Before they were anybody Nicolas Cage and Crispin Glover starred in a musical pilot for a show that never got picked up titled The Best Of Times (1981). Richard Benjamin’s film Racing With The Moon (1984) briefly reunited Glover and Cage as well as reuniting Cage with his Fast Times At Ridgemont High (1982) co-star Sean Penn. But Racing With The Moon is never as poignant as Fast Times At Ridgemont High nor as silly as The Best Of Times. Racing With The Moon is a sentimental coming of age melodrama set in 1943 that deals in some of the same themes as Cage’s other war film that year, Birdy (1984), but incorporates the saccharine romance of a Hanover Street (1979) or Pearl Harbor (2001).
Racing With The Moon follows the Sean Penn character as he discovers himself in the month before commencing his basic training as a Marine. On his journey through small town hijinks he’s joined by best pal Cage and serious love interest Elizabeth McGovern. All the class anxieties, sexual frustrations, and fears of intimacy that one expects from this type of film are delivered in full. Penn, McGovern and Cage handle the material with the pathos and humor it calls for.
Racing With The Moon is a film that is remarkable only for being so incredibly unremarkable. Actor turned director Richard Benjamin has no visual flair or sense of cinematographic economy but he can direct actors. So the result is a well played but poorly structured film that is never quite as impactful as it tries to be. Racing With The Moon is a cinematic confection that is forgotten as soon as it is consumed.

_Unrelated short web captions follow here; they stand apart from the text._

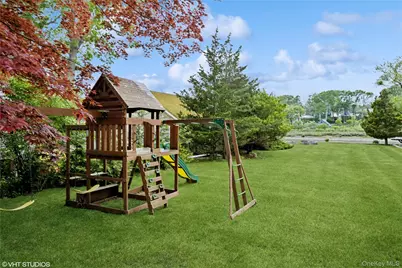 3725 Wickham Avenue, Mattituck, NY 11952 - Photo 4
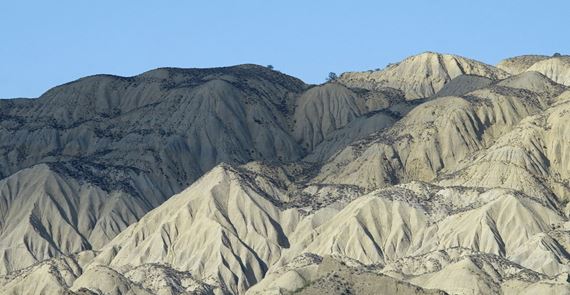 Karlovarský festival odpremiéruje Lapilli, debutový film slovenskej režisérky Pauly Ďurinovej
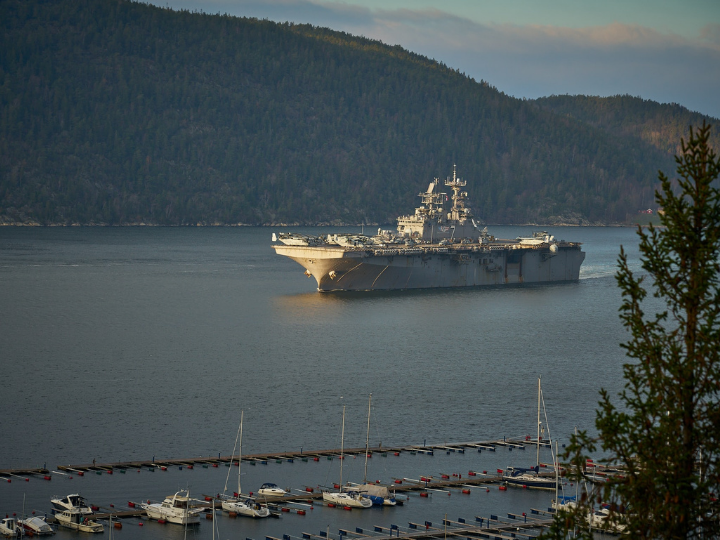 «Ο χώρος δεν μας επιτρέπει να αναφερθούμε σε μια σειρά δράσεων που έχει αναλάβει η Ενωση για την Αμυνά της. Ετσι θα αναφερθούμε μόνο στην PESCO (Permanent Structured Cooperation), κι αυτό γιατί εδώ και κάποιους μήνες η Τουρκία επέδειξε σφοδρή «συμπάθεια» για τη Μόνιμη Διαρθρωμένη Συνεργασία.»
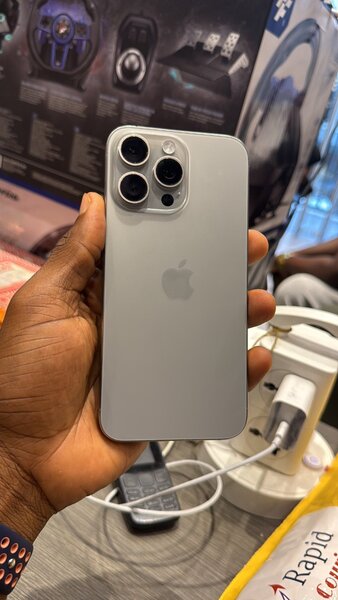 15 pro max 256gig ESIM unlock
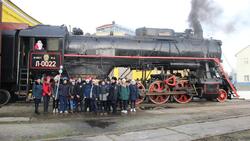 Белгородские школьники побывали на экскурсии в локомотивном депо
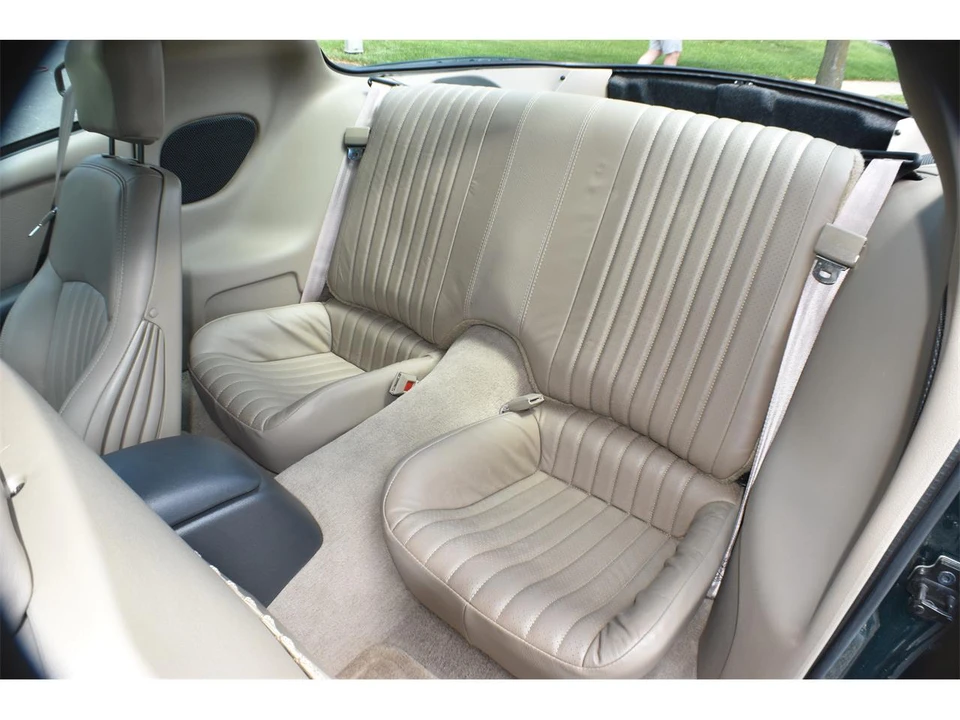 1996 Pontiac Firebird Formula 4th Gen - Image 27 of 31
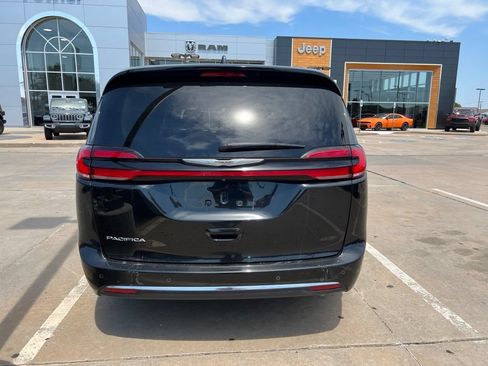 Used 2022 Chrysler Pacifica Touring-L w/ Uconnect Theater Family Group FWD image 4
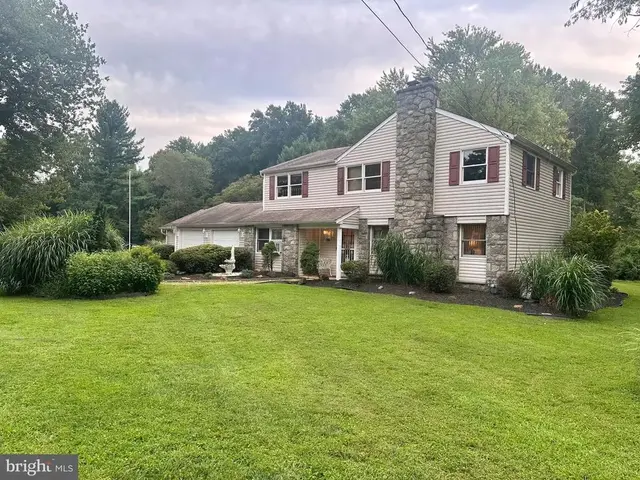 34 Marlborough Ln, Glen Mills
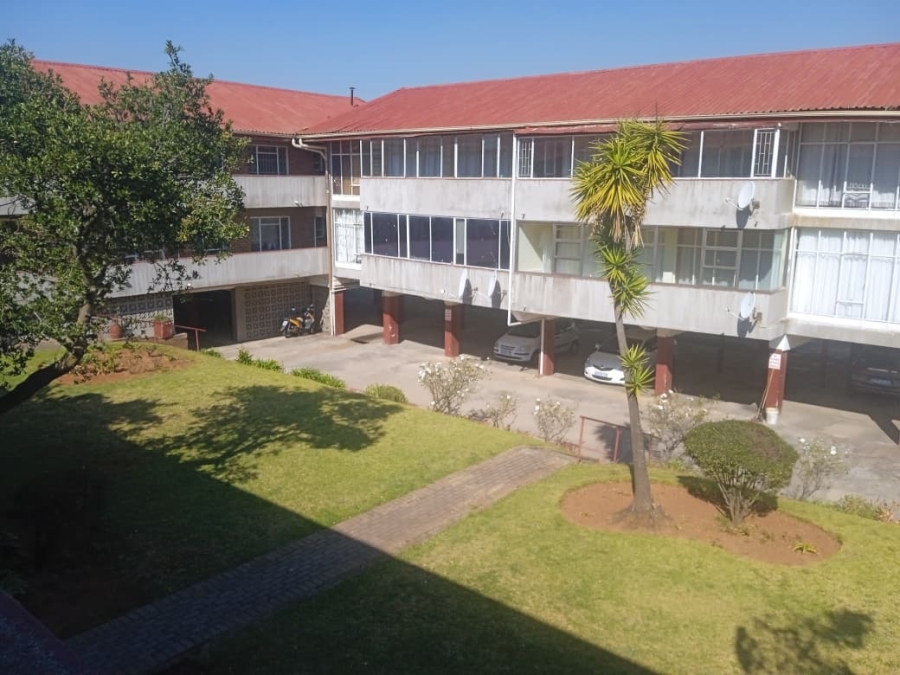2 Bedroom Property for Sale in Florida Gauteng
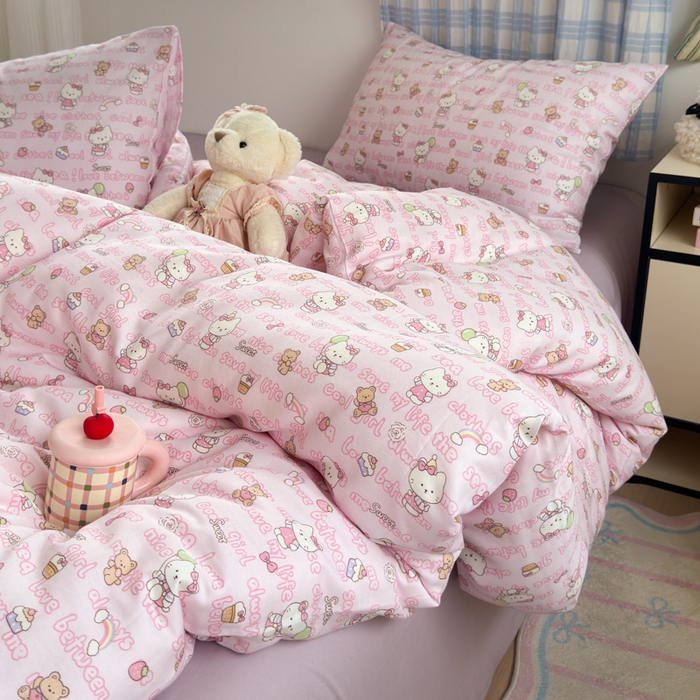 91家纺网 家纺一手货源 找家纺 曼之夏 2025新款全棉纯棉双层印花四件套 凯蒂熊仔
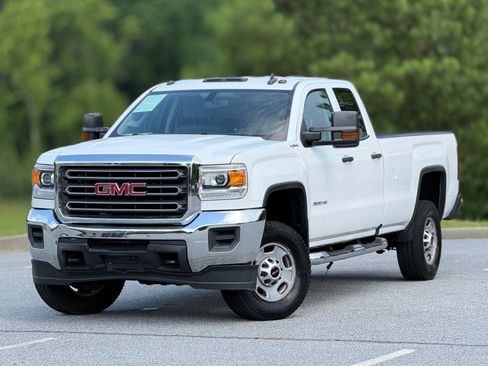 Used 2016 GMC Sierra 2500 4x4 Double Cab w/ Sierra Convenience Package image 8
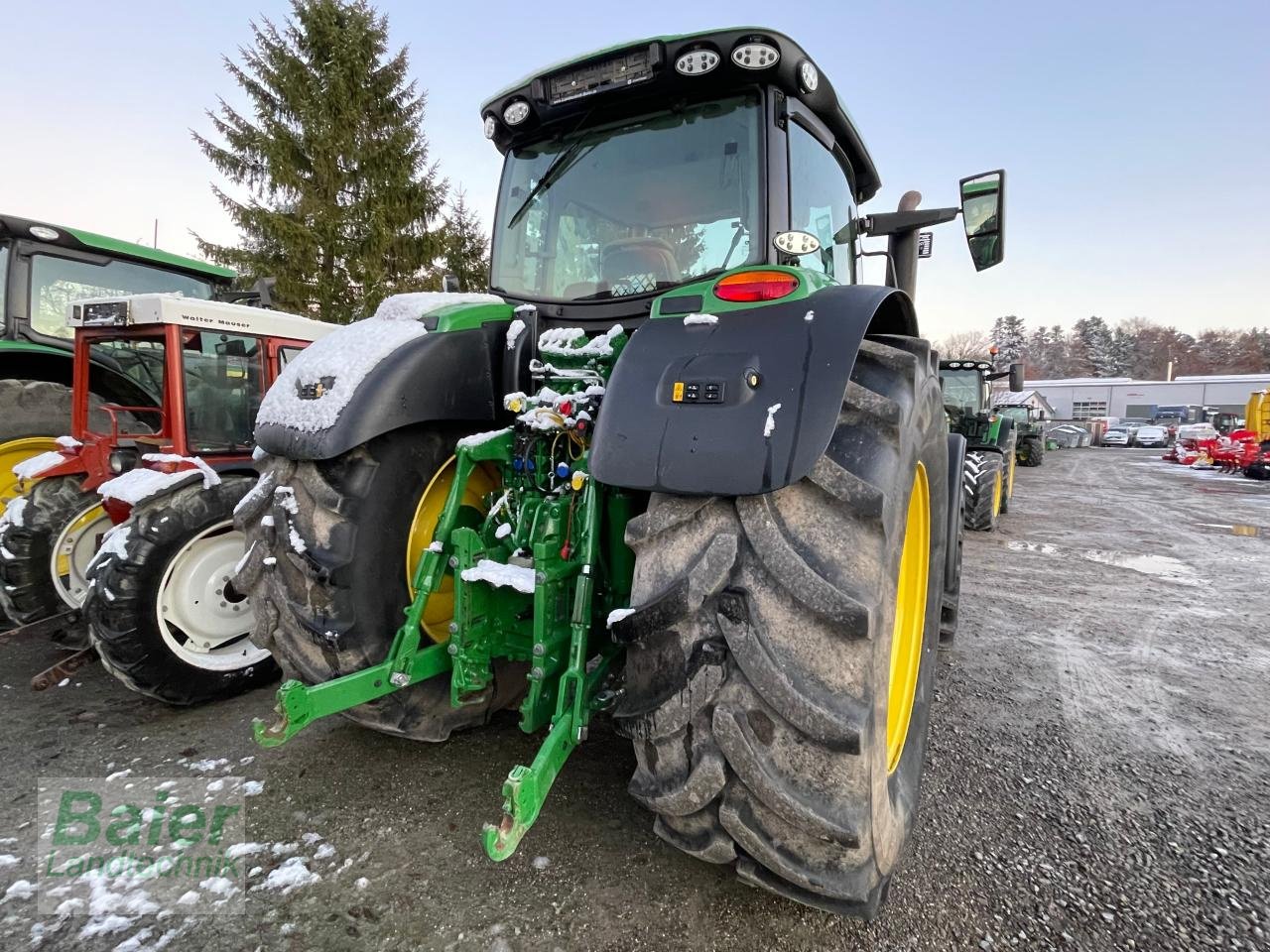 Traktor typu John Deere 6R 215, Gebrauchtmaschine v OBERNDORF-HOCHMOESSINGEN (Obrázek 4)
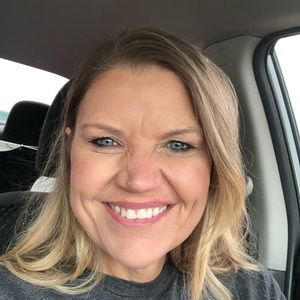 Meet your Posher, Benita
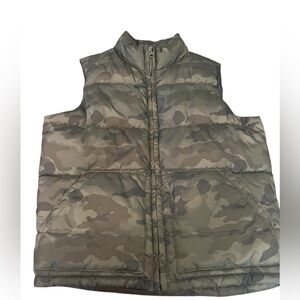 Old Navy Dark Camouflage Puffer Vest Boys 8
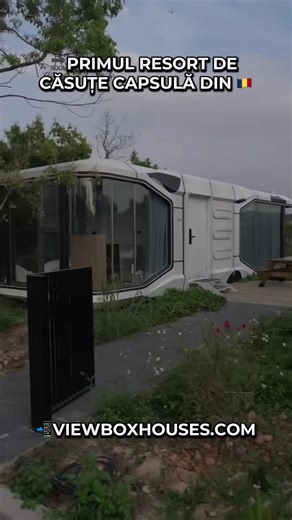 🏠Un nou capitol pentru turismul din România! Deschidem primul resort cu căsuțe de tip capsulă din țară— un proiect de 5 stele, unde designul, tehnologia și natura se întâlnesc.🤝 📍Suntem în căutare de terenuri potrivite pentru dezvoltarea acestui concept exclusivist, așa că dacă ai o locație care poate găzdui viitorul turismului de lux, contactează-ne pe viewboxhouses.com #capsulehouse #resort #modularhouse #teren
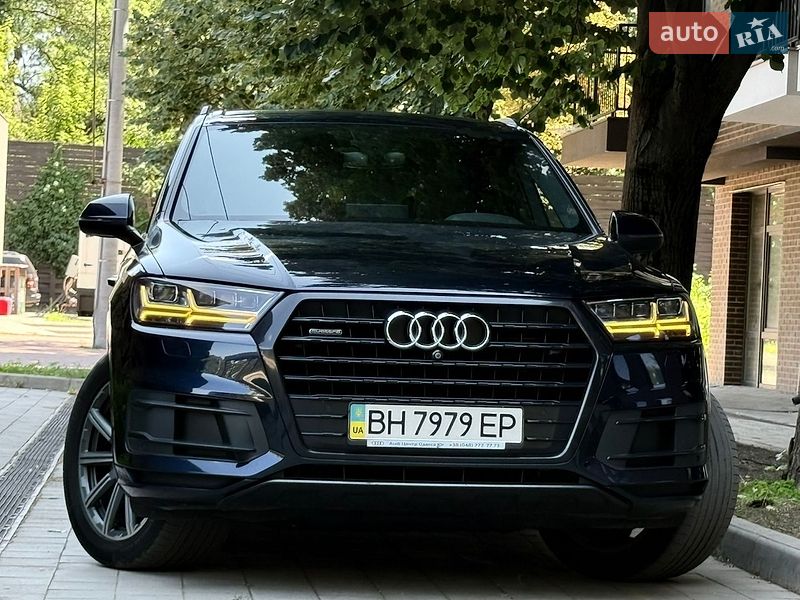 Внедорожник / Кроссовер Audi Q7 2017 в Одессе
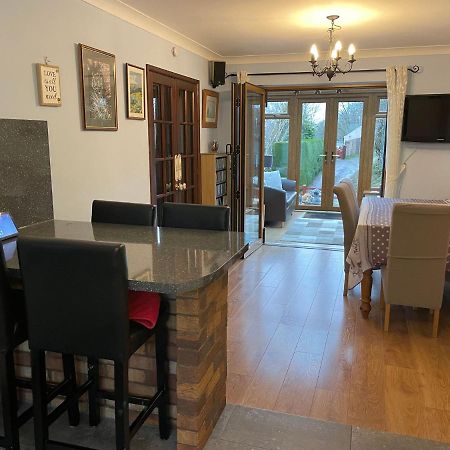 Dyffryn Taf - Spacious 3 Bedroom Bungalow Close To Amenities Сент-Клирс Экстерьер фото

So why watch Racing With The Moon? Well, at times it can be affecting but really it is of interest because of its cast. It is always interesting to see actors who would go on to become major stars in their early work. Penn as the awkward romantic is a part he has rarely played since and Nicolas Cage completely reigns in his performance as if for a dress rehearsal for the much better Birdy. Racing With The Moon is a film for completists and historians, or anyone who has ever wanted to see Crispin Glover get punched in the nose.